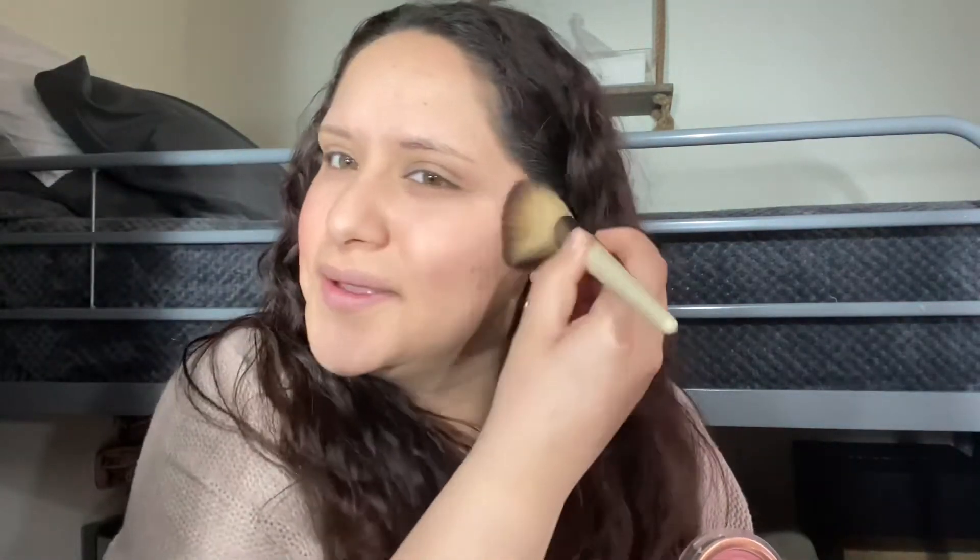I used to go ham with the blush too. I wouldn't apply it like this — I would go like this, and then some on my nose, obviously, and some on my chin, always. This is what I would look like.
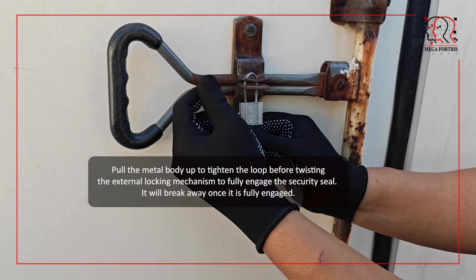Pull the metal body up to tighten the loop before twisting the external locking mechanism to fully engage the security seal. It will break away once it is fully engaged.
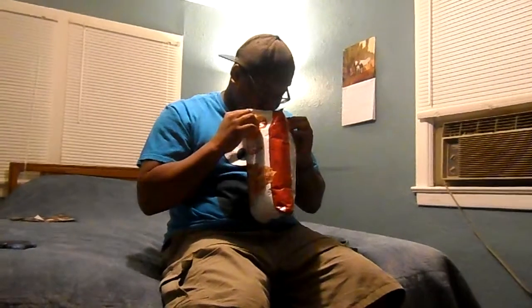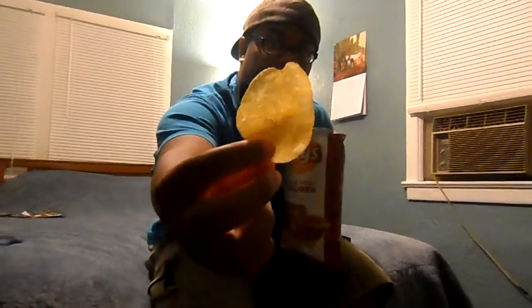Let's see how these bad boys taste, shall we? I don't really like the smell. It smells kind of like pickles and stuff. Not too much to it — just go ahead and try it out.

- _Task item_
Go from the first line of the listing to the line holding "Pull the metal" and, please, transcribe those lines exactly, both included, with no pictures.

- _Task result_
I used to go ham with the blush too. I wouldn't apply it like this — I would go like this, and then some on my nose, obviously, and some on my chin, always. This is what I would look like.
Pull the metal body up to tighten the loop before twisting the external locking mechanism to fully engage the security seal. It will break away once it is fully engaged.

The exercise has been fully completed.